The idea that the media should be free is an extension of democracy. Globally, the belief remains that when the media is free, it would be able to hold leaders and individuals accountable based on their direct and indirect dealings. In the spirit of being freed, we have seen situations, where journalists and other media practitioners abused the privilege, damaging corporate and individual’s reputation through unverified and malicious news reports.
When the reports are pushed out, only a few of their audience has the ability and capacity of interrogating the frames and agendas set in the reports, which requires applying the rudiments of logic. Isn’t it time we needed to be teaching logic right from secondary schools? Or is it better to say our Quantitative and Verbal Reasoning subjects should better be taught with practical/real-life examples? I developed this curiosity some days ago when many Nigerian newspapers (with digital presence) kept reporting that one of Chief Sunday Igboho’s aides who was said to have been killed by the DSS in a “raid” to Igboho’s house in Ìbàdàn, was shot 48 times! One of Chief Igboho’s men was said to have told journalists that number. Thus, this short logical questioning isn’t about the legality of the DSS actions and Igboho’s aides’ counter-actions- the court will decide that. This opinion is therefore about the need for journalists and the citizens they disseminate information to to always question certain points made by news sources. That’s what I called “logical questioning” up there!
Yes, the source said the aide was shot 48 times, but that doesn’t mean the source was right. We, as journalists, shouldn’t just hide under the principle of “sourcing” or the concept of “our source said” to dish us utterances we should have questioned before going to press at all! As a professional, if you are moved by emotions, your intelligence can be rendered questionable. Now, let’s think together: Someone was shot at 48 times; he didn’t die, yet he refused to run away- he relied on charms bá (that’s not my focus here)? Who was counting the times the bullets were shot? We hardly need an expert’s explanation of how our minds work when fright knocks at our doors. The DSS was said to have continued to shoot and attack the house for about an hour (in some quarters, it was a gun duel between the DSS and Igboho’s boys). In that situation, it was expected that nobody would even be thinking straight than to leave or remain in that scene unhurt. Maybe the mind of the person who counted the “48 gunshots” was special that he/she concentrated on the number of shots more than his/her own safety.

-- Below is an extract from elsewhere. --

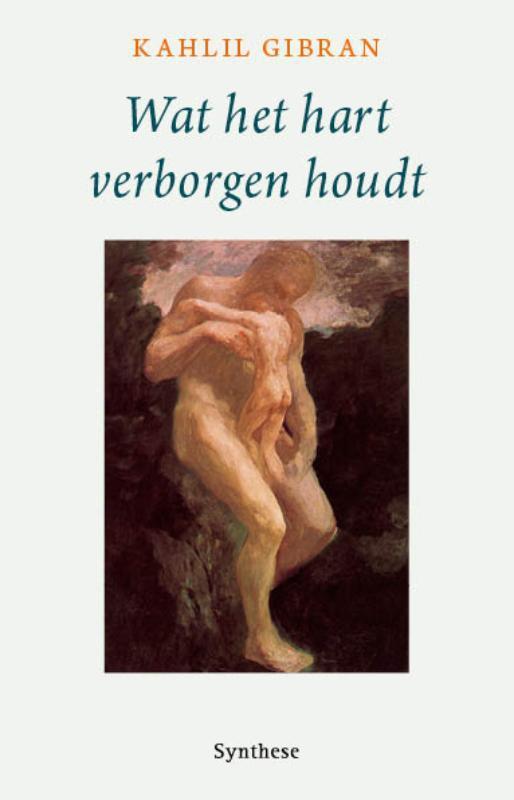 Wat het hart verborgen houdt 9789062711000 Kahlil Gibran, Boeken, Literatuur, Gelezen, Verzenden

Another case where logic should have been used by journalists was when a governor said he ran about one and half kilometres on foot to escape from being assassinated while visiting his farm. Where were his details when he was running (though he later thanked them for repelling the “attack)? Didn’t his security details hold guns to have used to kill the “killers” or to chase the “killers” away, at least? If the Governor ran, who measured the kilometres he told journalists? But, do we question some of these things as journos? Peem, “they (the sources) have said it, and we should publish it!” is traditional journalism practice– in as much as it has been credited or attributed to a source or sources, the rest na story! However, I strongly suggest it is time Nigerian journalists started questioning some utterances from their sources and questioned the logicality of their utterances in matters of great importance. They shouldn’t be interested in attributing questionable headlines to questionable sources just to gain traffic and sell such news. We should all be socially responsible as news producers and consumers!